*** Material for the task ***

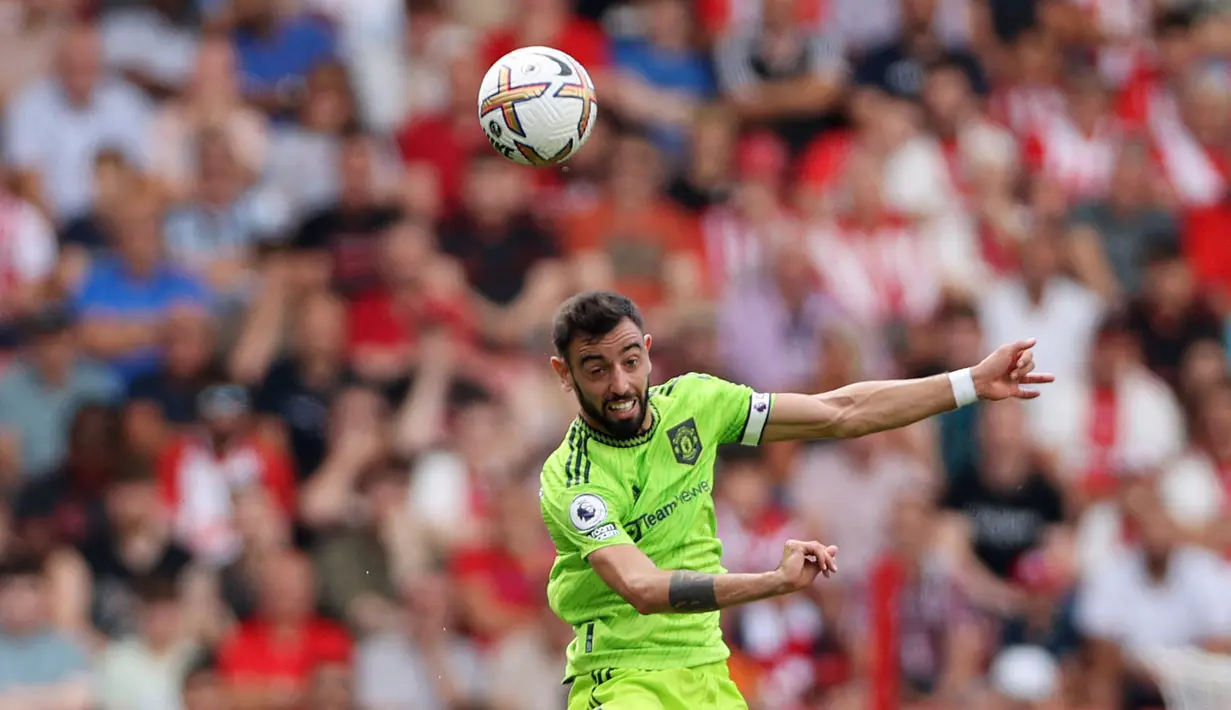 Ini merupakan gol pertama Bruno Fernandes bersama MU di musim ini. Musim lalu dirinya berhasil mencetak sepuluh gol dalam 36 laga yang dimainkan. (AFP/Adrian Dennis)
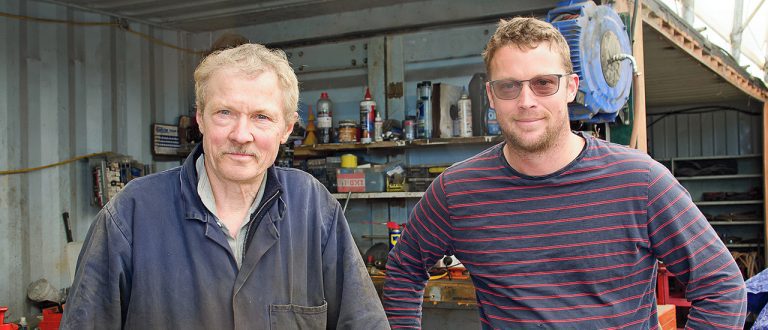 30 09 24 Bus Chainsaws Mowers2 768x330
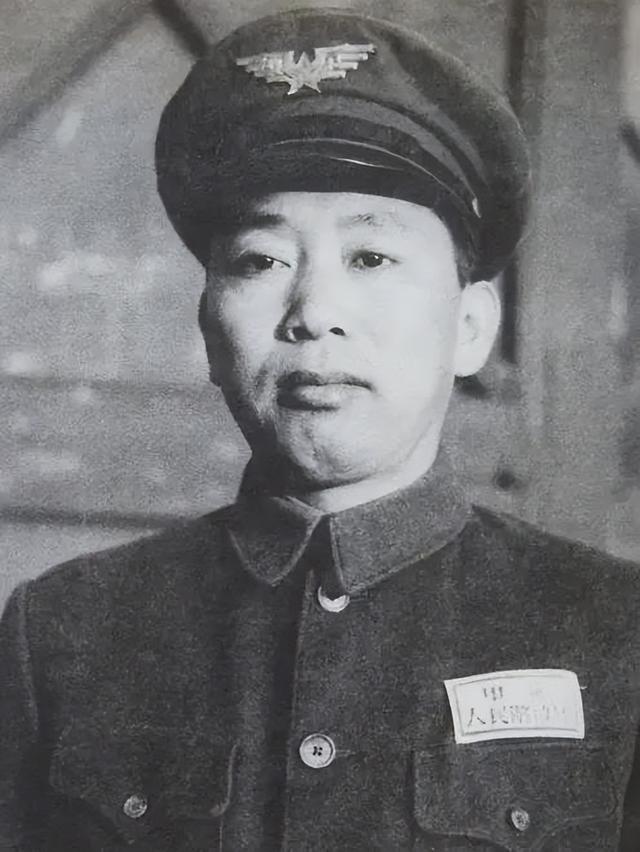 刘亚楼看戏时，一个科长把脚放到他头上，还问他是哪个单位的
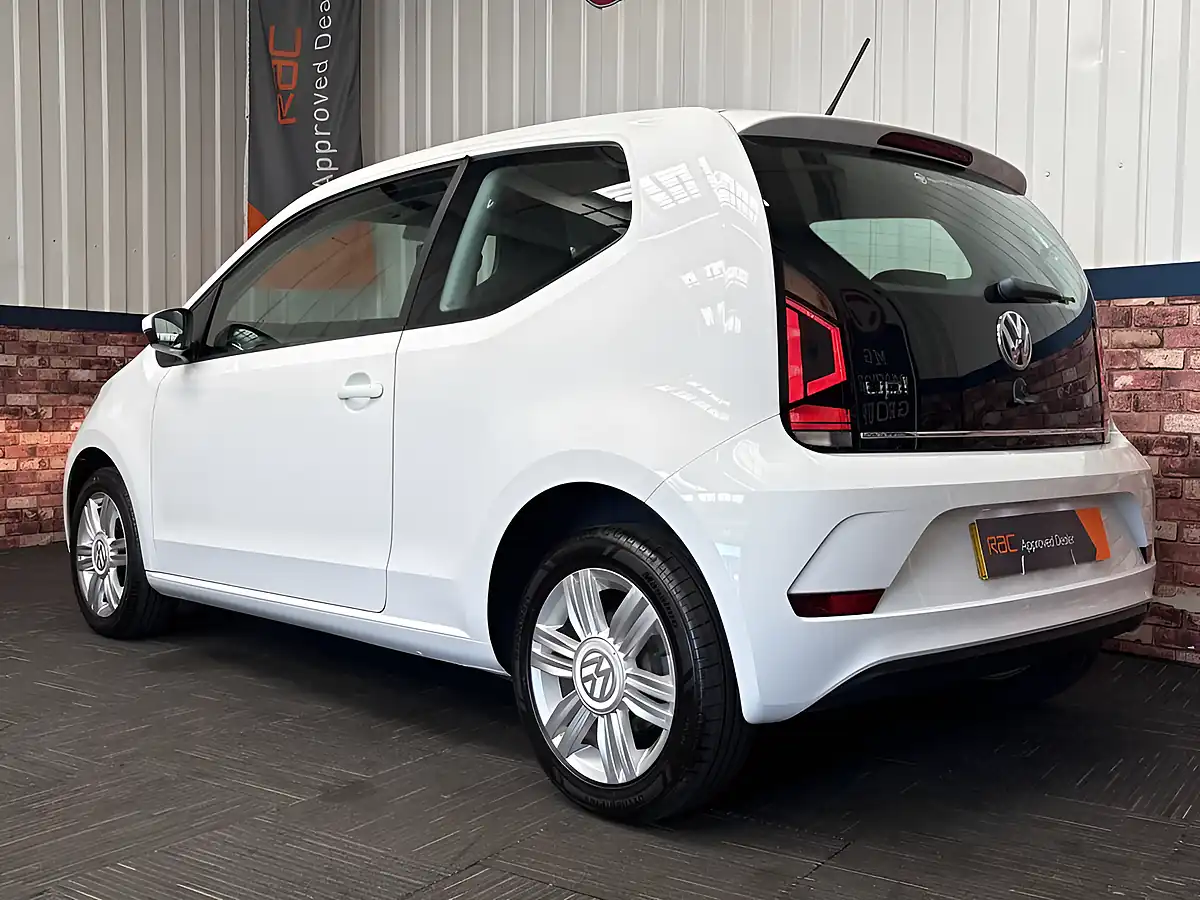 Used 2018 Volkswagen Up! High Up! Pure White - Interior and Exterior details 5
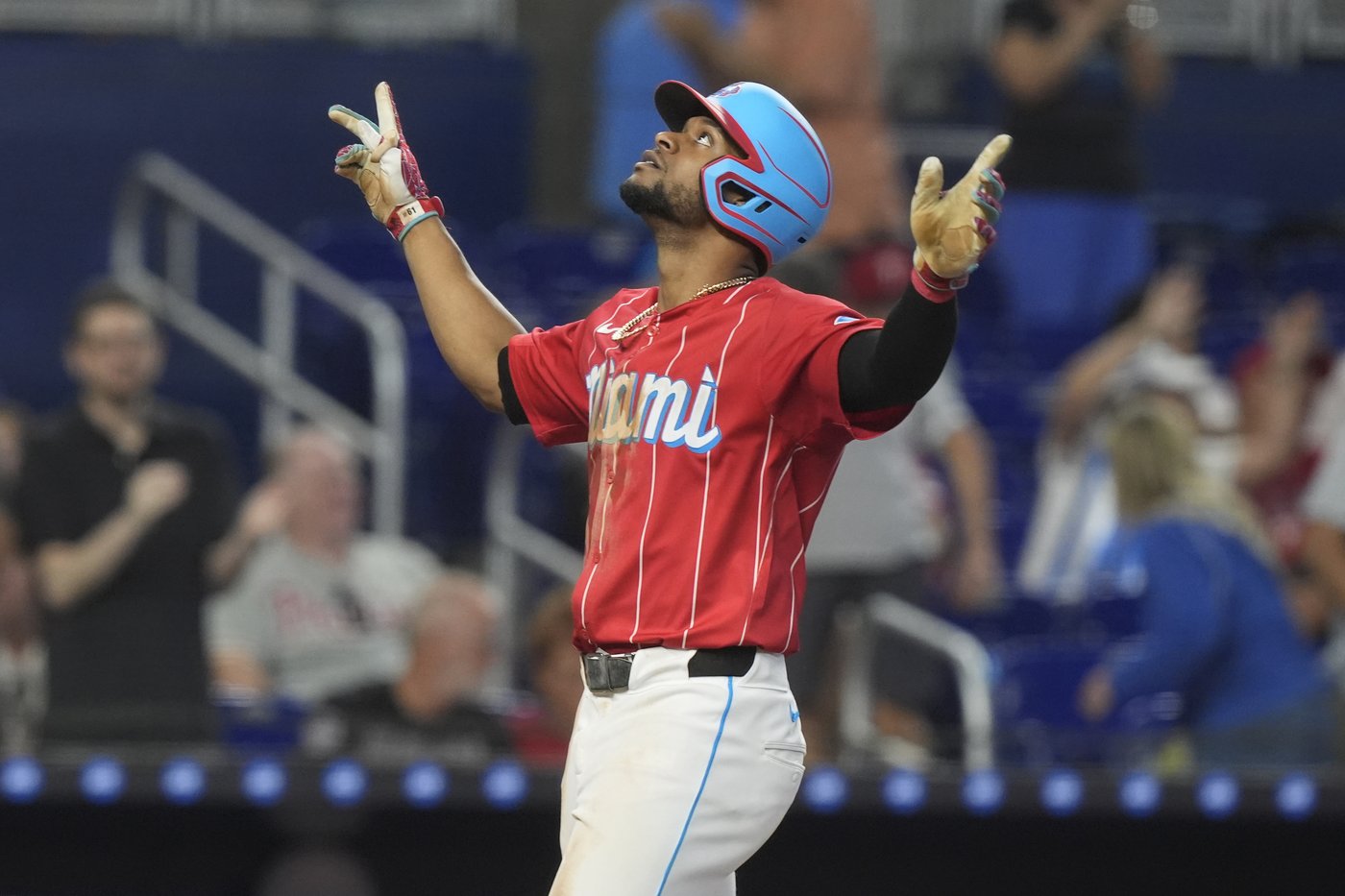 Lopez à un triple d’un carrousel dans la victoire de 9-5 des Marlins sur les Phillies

*** End of Material for the task ***
*** Material for the task ***

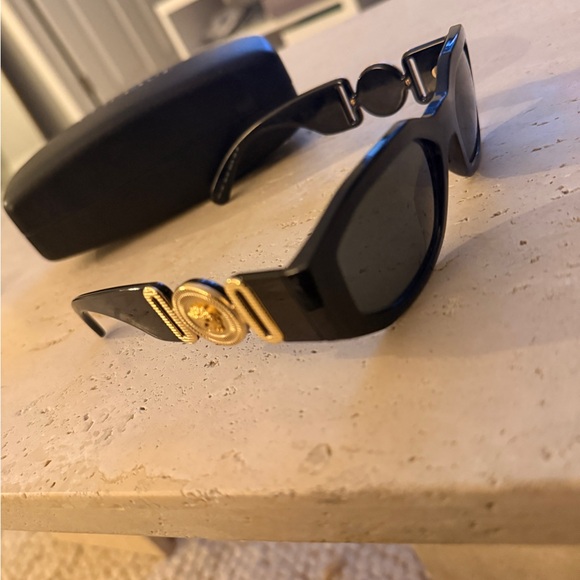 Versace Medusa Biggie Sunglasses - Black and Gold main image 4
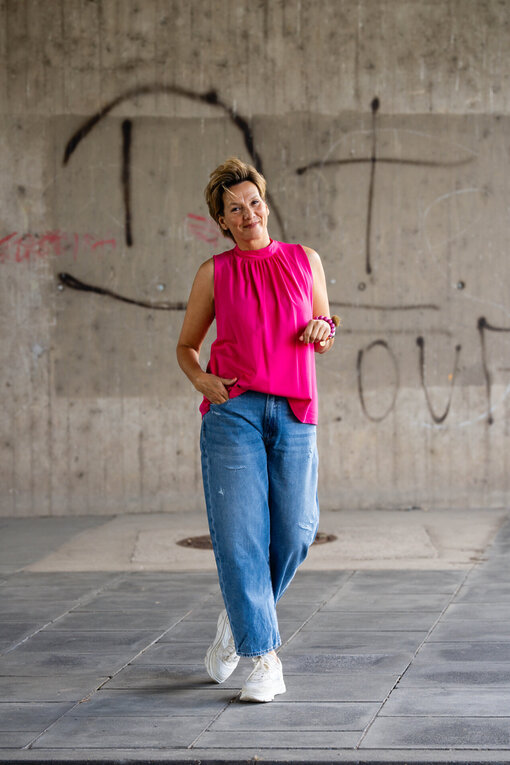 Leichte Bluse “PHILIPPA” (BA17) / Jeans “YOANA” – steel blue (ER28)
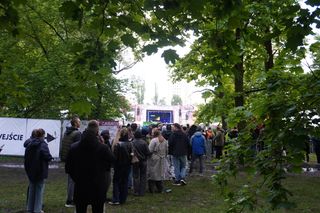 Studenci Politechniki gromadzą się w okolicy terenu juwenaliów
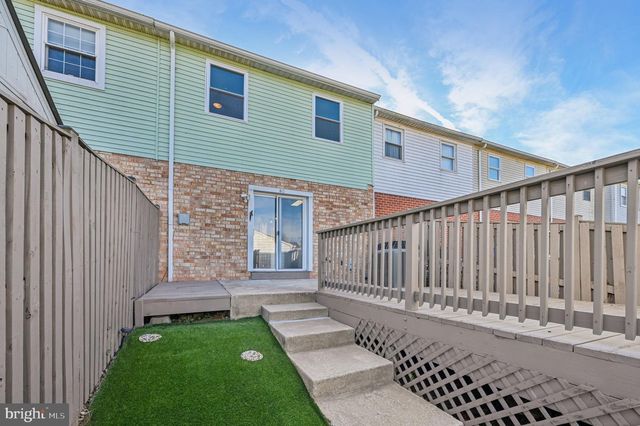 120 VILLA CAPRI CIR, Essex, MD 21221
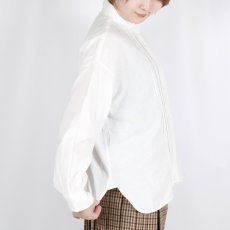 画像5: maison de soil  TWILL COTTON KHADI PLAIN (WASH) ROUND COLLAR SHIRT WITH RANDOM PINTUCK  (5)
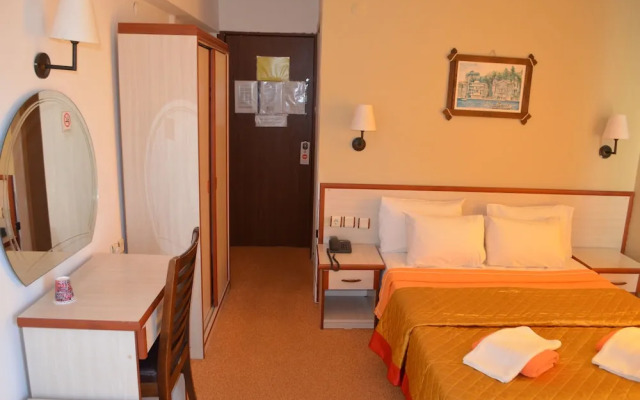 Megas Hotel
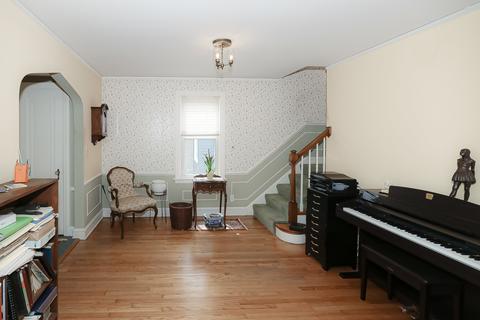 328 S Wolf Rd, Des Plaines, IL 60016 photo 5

*** End of Material for the task ***
*** Material for the task ***

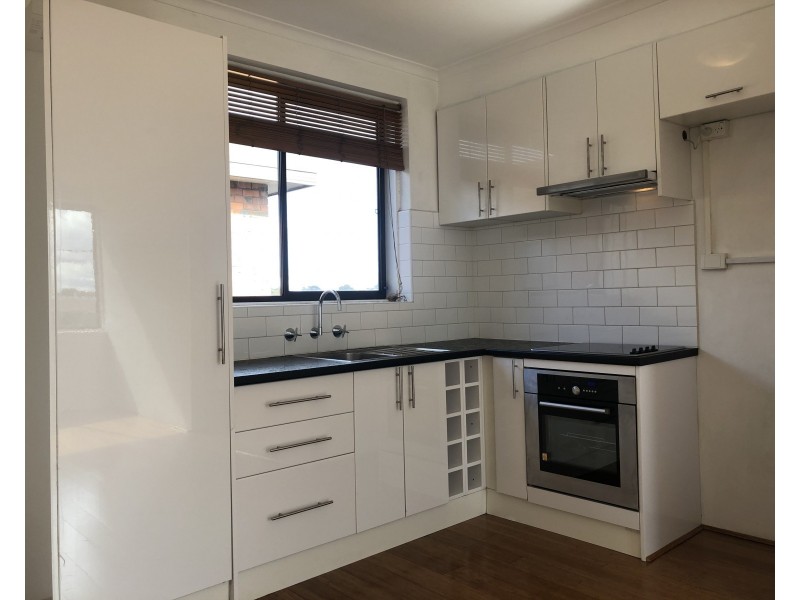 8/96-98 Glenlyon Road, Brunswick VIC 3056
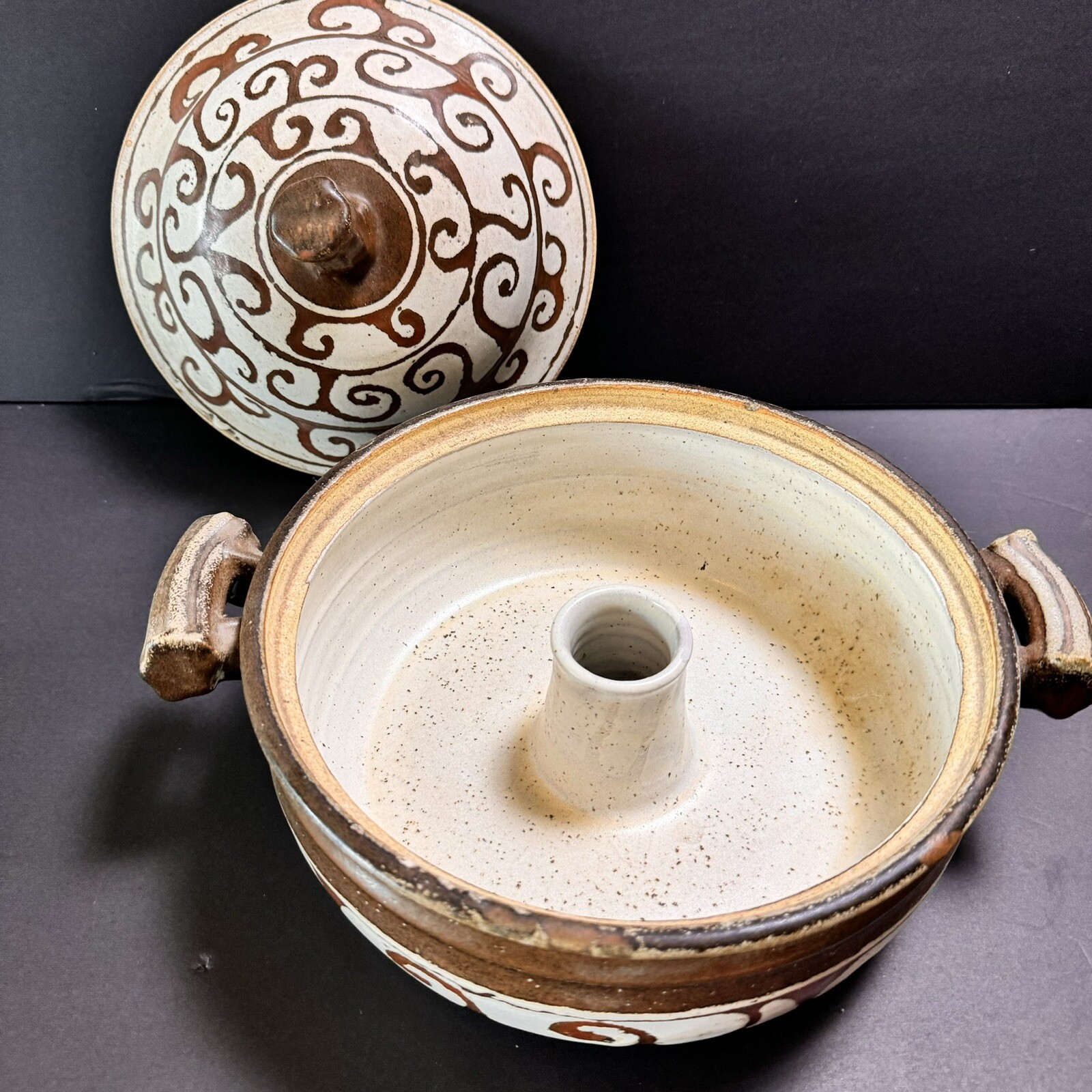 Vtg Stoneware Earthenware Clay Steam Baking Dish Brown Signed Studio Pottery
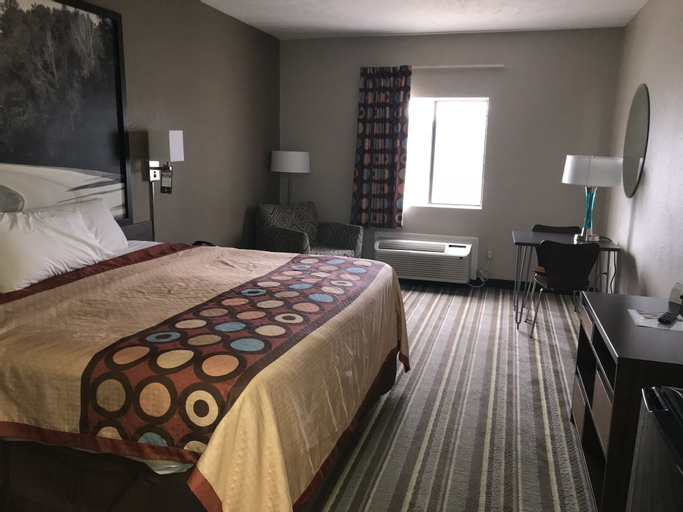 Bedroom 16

*** End of Material for the task ***

## Activity
Above are some entries. Restate word for word the lines from the one holding "Ini merupakan gol" through the one holding "Lopez à un triple", but not the pictures.

## The completed task
 Ini merupakan gol pertama Bruno Fernandes bersama MU di musim ini. Musim lalu dirinya berhasil mencetak sepuluh gol dalam 36 laga yang dimainkan. (AFP/Adrian Dennis)
 30 09 24 Bus Chainsaws Mowers2 768x330
 刘亚楼看戏时，一个科长把脚放到他头上，还问他是哪个单位的
 Used 2018 Volkswagen Up! High Up! Pure White - Interior and Exterior details 5
 Lopez à un triple d’un carrousel dans la victoire de 9-5 des Marlins sur les Phillies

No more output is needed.